TASK DESCRIPTION:
How many lines below include the word "bisector"? State that number and nothing else.
##########
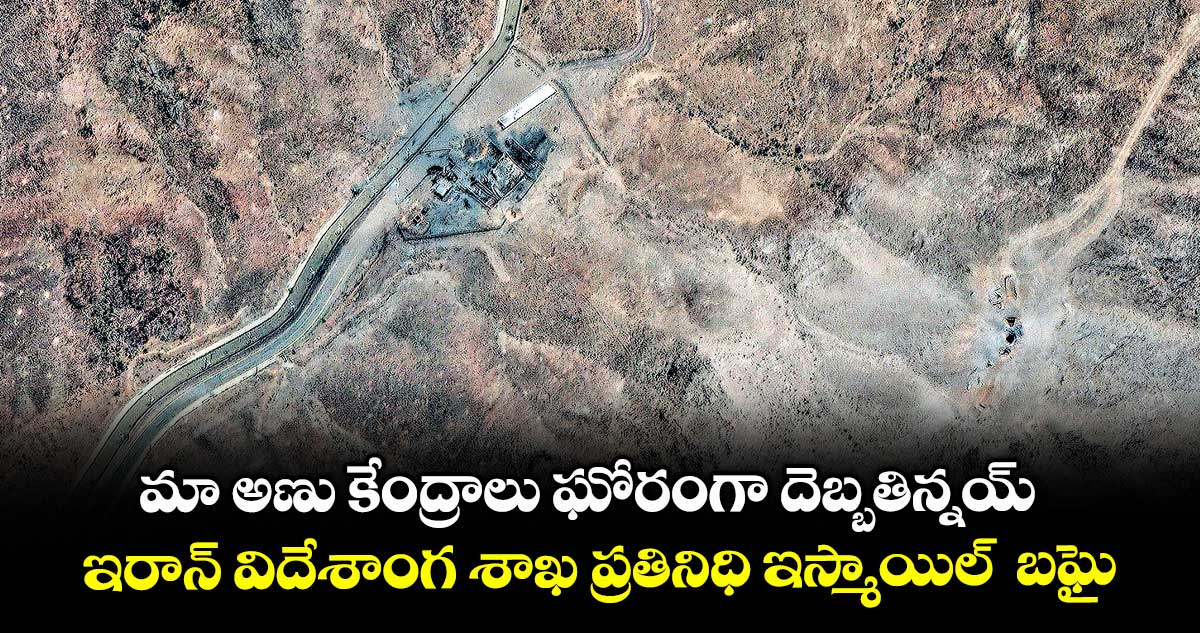 మా అణు కేంద్రాలు ఘోరంగా దెబ్బతిన్నయ్ : ఇరాన్ విదేశాంగ శాఖ ప్రతినిధి ఇస్మాయిల్ బఘై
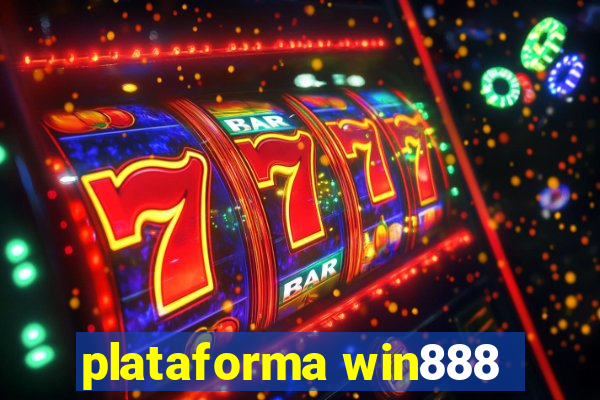 plataforma win888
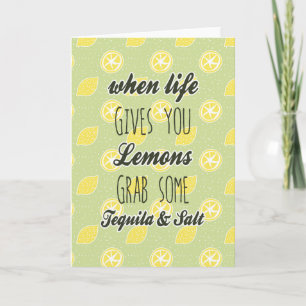 Cartão When Life Gives You Lemons Quote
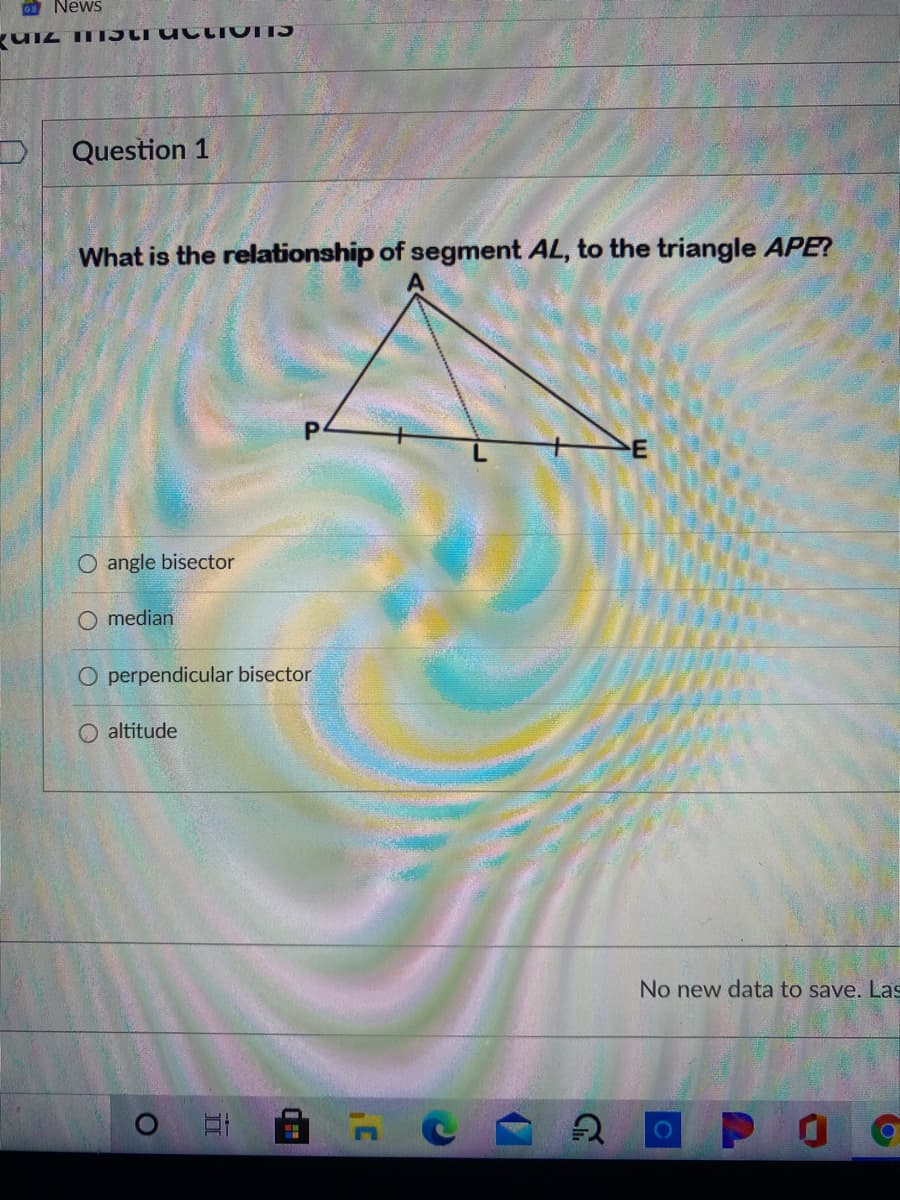 News
Question 1
What is the relationship of segment AL, to the triangle APE?
E
O angle bisector
median
O perpendicular bisector
altitude
No new data to save. Las
01
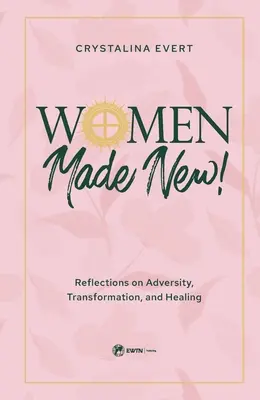 Femei făcute noi: Reflections on Adversity, Transformation, and Healing (Reflecții despre adversitate, transformare și vindecare) - Women Made New: Reflections on Adversity, Transformation, and Healing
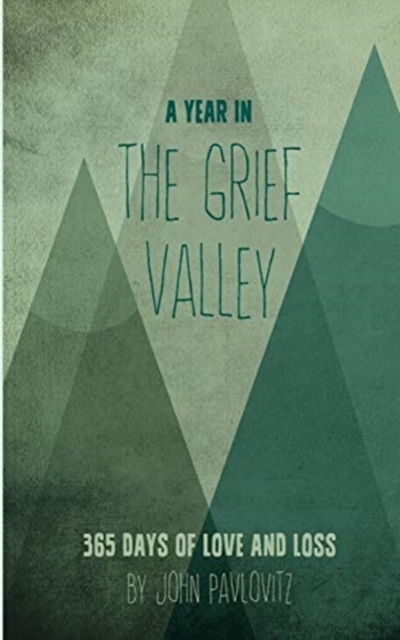 A Year in The Grief Valley, Paperback / softback Book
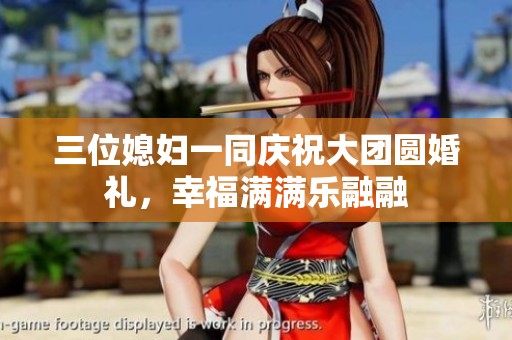三位媳妇一同庆祝大团圆婚礼，幸福满满乐融融
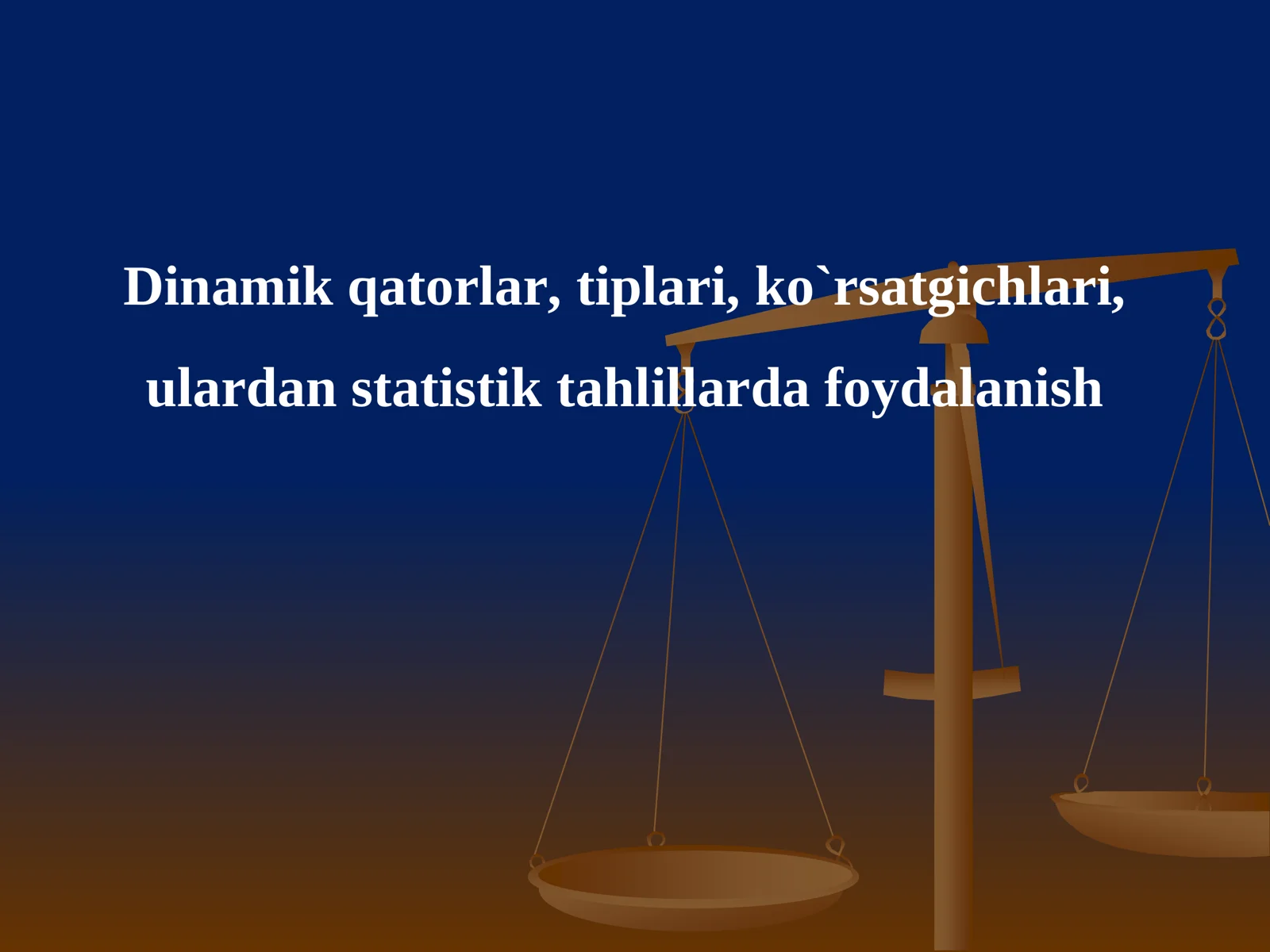 Dinamik qatorlar, tiplari, ko`rsatgichlari, ulardan statistik tahlillarda foydalanish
##########
ANSWER TO THIS PROBLEM:
2